> _Supplied information_
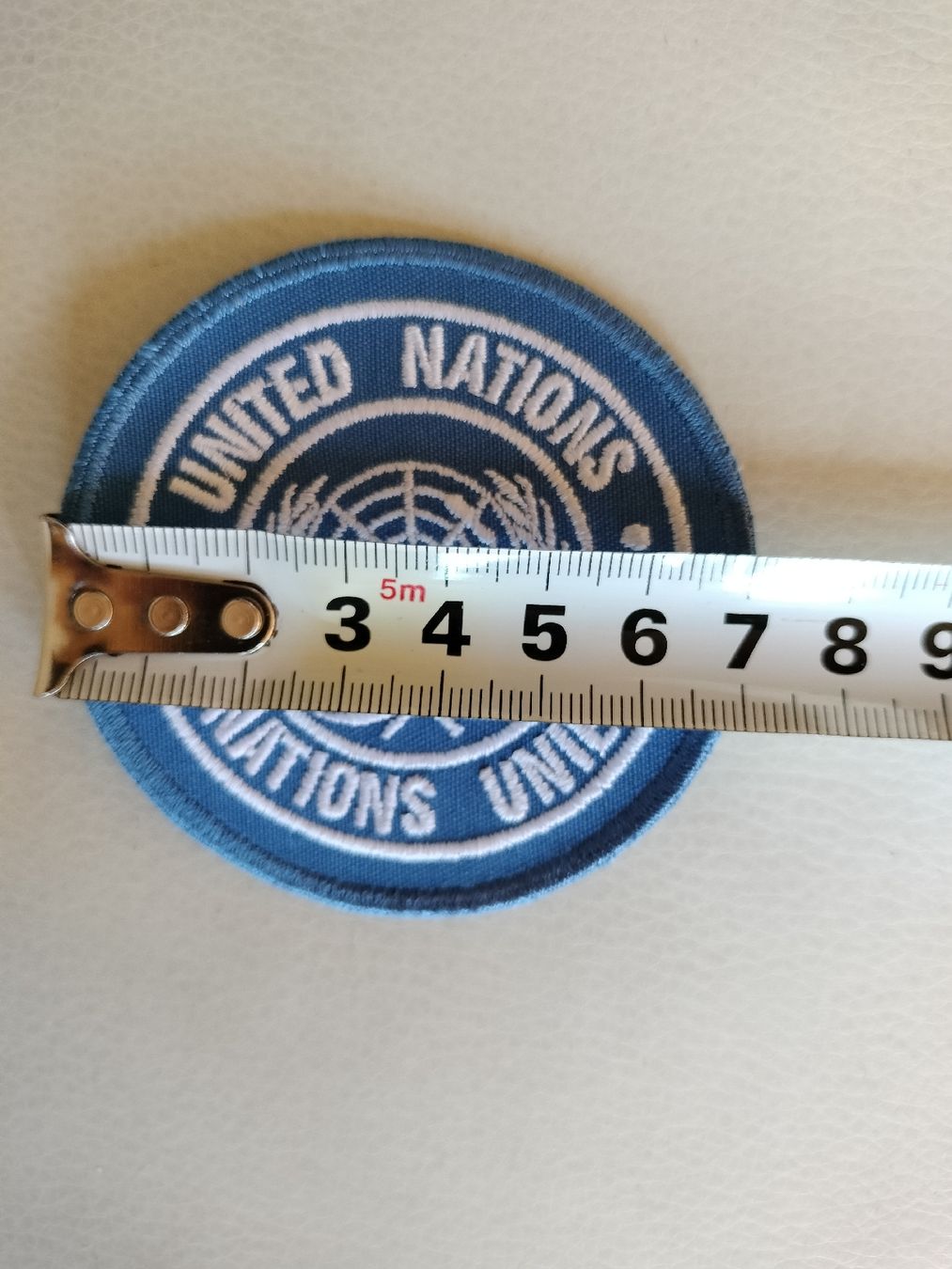Schweizer Armee Toppe: United Nations Aufnäher – Nuovo (secondo la descrizione) da Schwanden Sigrisw venduto da cadieux71 1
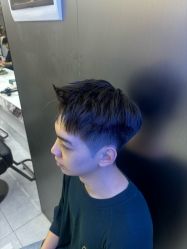 -M1山木造型国潮男士发型定制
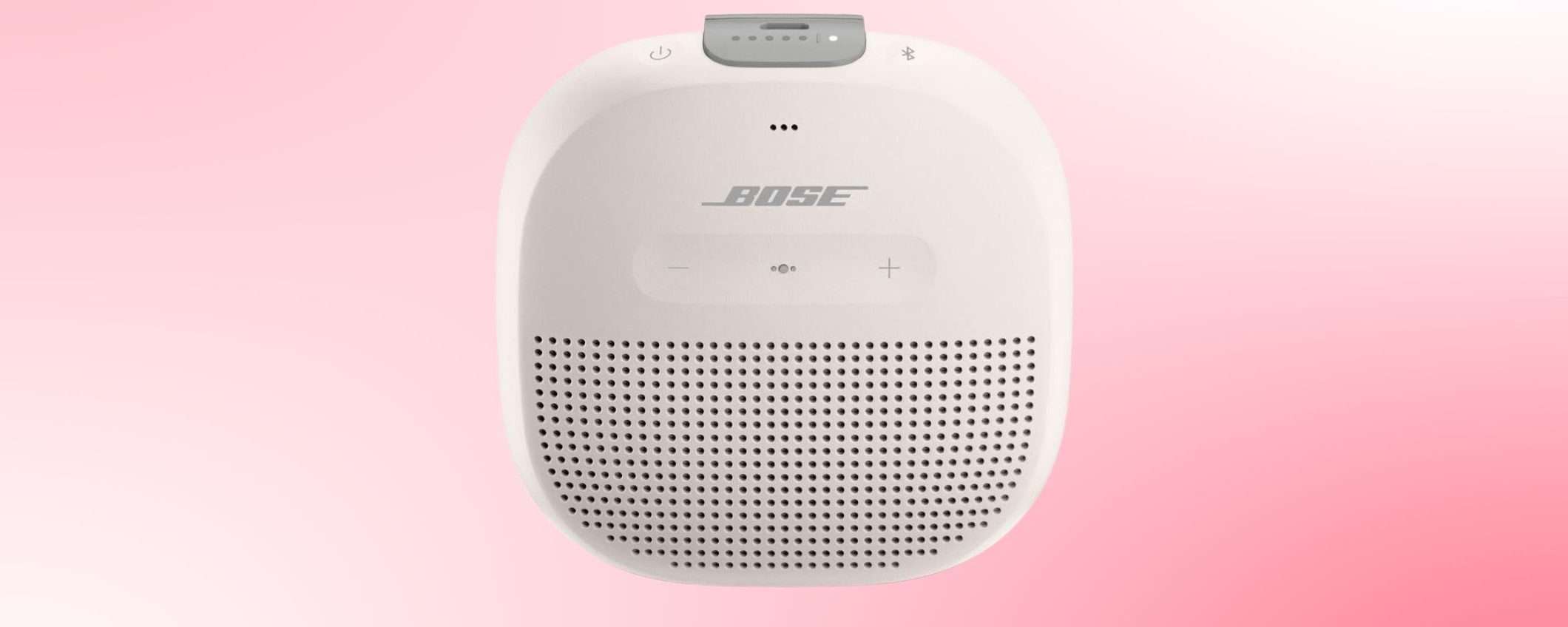 Diffusore portatile Bose in maxi sconto: risparmi il 47% su Amazon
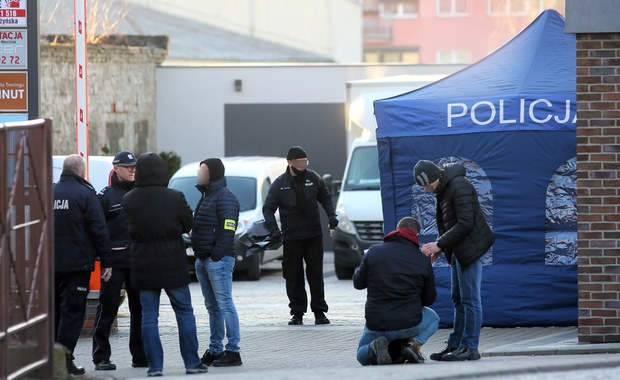 Podwójne zabójstwo w Pleszewie. Wśród zatrzymanych pobity mężczyzna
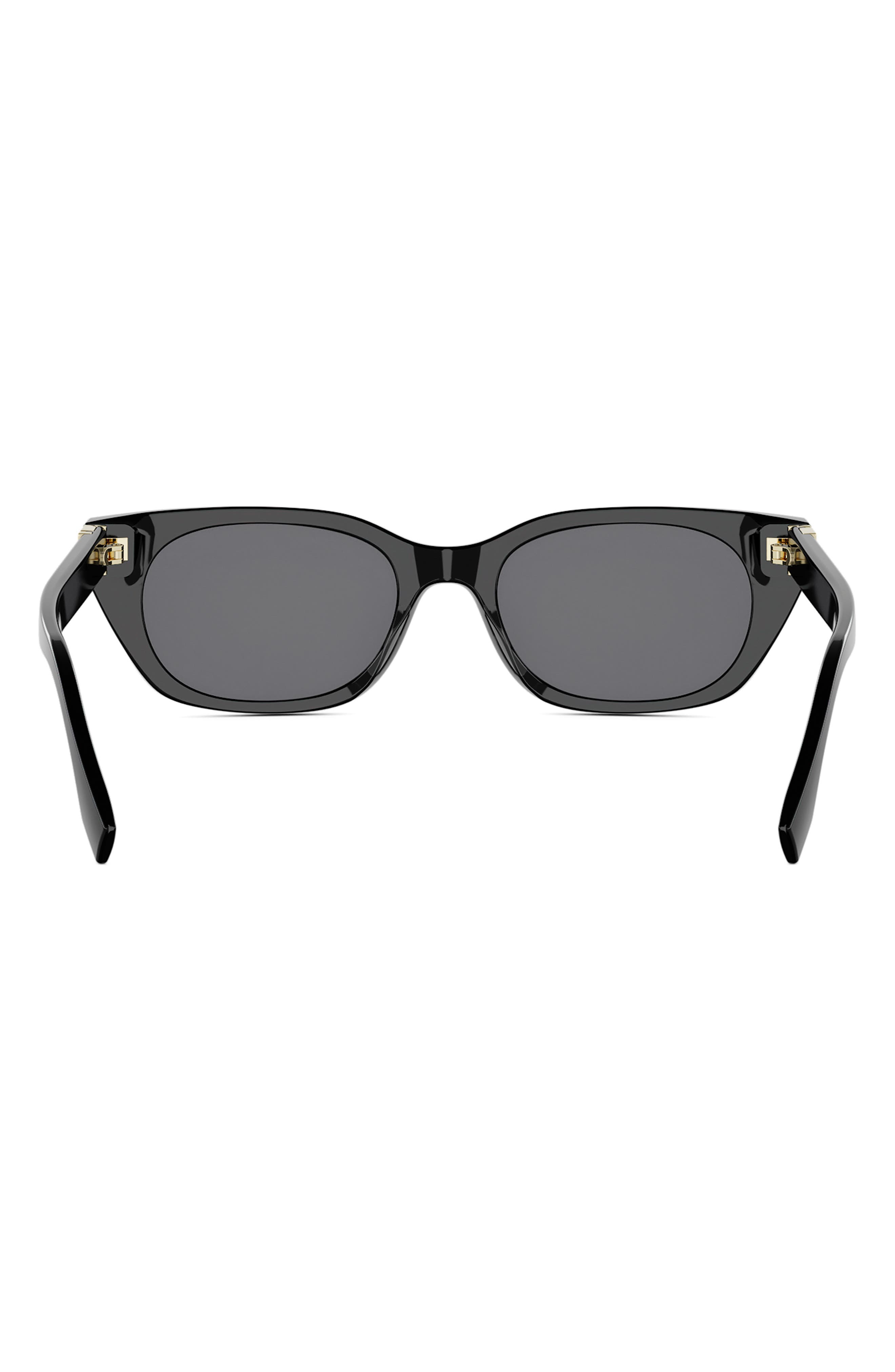 Fendi Classic Black Cat Eye 51 mm Sunglasses FOA056V1PF1U7H_03?wid=2000&hei  main image 4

> _Your goal_
Repeat the listing above word for word, omitting the pictures.

> _Your solution_
Schweizer Armee Toppe: United Nations Aufnäher – Nuovo (secondo la descrizione) da Schwanden Sigrisw venduto da cadieux71 1
 -M1山木造型国潮男士发型定制
 Diffusore portatile Bose in maxi sconto: risparmi il 47% su Amazon
 Podwójne zabójstwo w Pleszewie. Wśród zatrzymanych pobity mężczyzna
 Fendi Classic Black Cat Eye 51 mm Sunglasses FOA056V1PF1U7H_03?wid=2000&hei  main image 4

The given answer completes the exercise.